You can use TKLBAM to do this.

  1. Backup the customized appliance on your account.
  2. Launch a new appliance on your customer's account.
  3. Reinitialize tklbam with your Hub account's API KEY, restore the backup and then reinitialize tklbam again with your customer's Hub API KEY. Like this:
    tklbam-init --force YOUR_APIKEY
    tklbam-restore YOUR_CUSTOMIZED_APPLIANCE_ID
    
    tklbam-init --force YOUR_CUSTOMERS_APIKEY
    tklbam-backup
    
Tim Collins's picture

Sounds like a breeze but I'm just not clear on what you're referring to as the customised appliance id?

Jeremy Davis's picture

As displayed in your backups section on the Hub - here.

Tim Collins's picture

Excuse me for asking more questions so I've got this clear. Do I register a new Turnkey account on behalf of the customer and then launch the new appliance? I actually want to end up keeping the existing appliance on my account and having a copy running under the customer account. Ultimately after further config further regional instances will be deployed.

Thanks.

Jeremy Davis's picture

Yes, to run the appliance under the customers own account, you will need to sign them up to the Hub (if they have an existing account, it can just be linked to a new Hub account for them, no need to make a new AWS account).

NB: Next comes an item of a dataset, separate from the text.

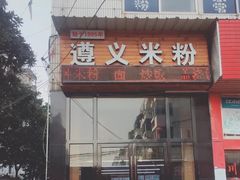 门面-遵义米粉川菜馆(木渎镇店)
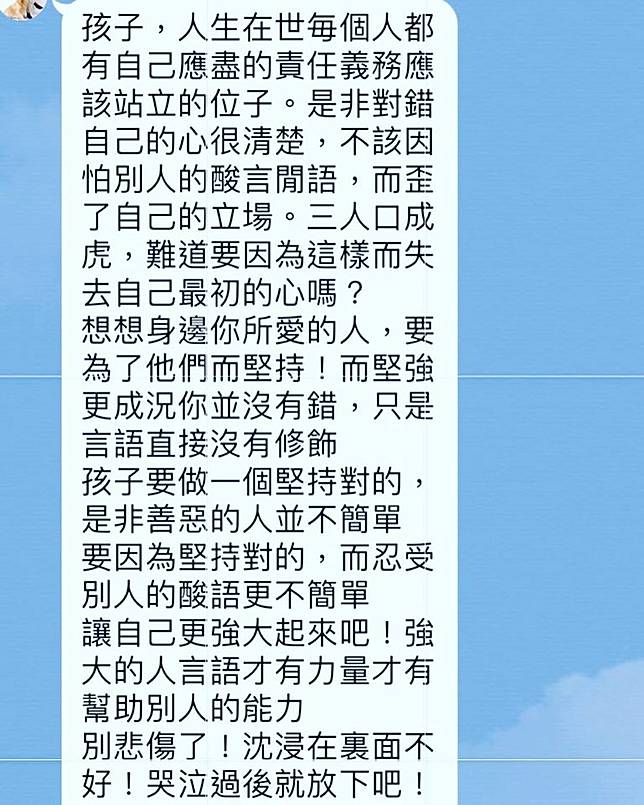https://obs.line-scdn.net/0hDF9QOgfuG2kEKDM8WJRkPj5-GAY3RAhqYB5KdltGRV19Gl87OBoHByd6EFgqHlw3akZXCyAhAFh6Hwg5MRsH/w644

This process won't affect the instance running under your account. But be aware that if you do further work on your instance and repeat this process, you will need to tweak TKLBAM so as not to overwrite their data.

I would run (and test) a TKLBAM backup of your customer's instance first. That way you can revert to their instance as it was if something goes wrong when overwriting their instance with your new development TKLBAM backup.

By default the TKLBAM migration will overwrite (at least some of) their data. You should be able to tweak TKLBAM to not overwrite specific data though (but I'd do a backup of their data anyway, just in case). Have a look at the TKLBAM docs for how to tweak it for your usage scenario.

Tim Collins's picture

OK did all that and er something did go wrong because the new customer instance won't mount now. In hindsight I should have done a S3 backup in AWS too. How do I now reinitialise the original LAMP image so I can try again. Console log pasted below... any idea what went wrong? Does it make a difference coming  from a micro to a medium instance?

Begin: Running /scripts/init-bottom ...

Done.

mount: special device /mnt/tmp does not exist

mountall: mount /tmp [272] terminated with status 32

mountall: Filesystem could not be mounted: /tmp

Thanks again for the help.

Jeremy Davis's picture

If there's no data in the customer instance then easiest way would be just destroy the customer instance and repeat steps 2 & 3 in Liraz's post above.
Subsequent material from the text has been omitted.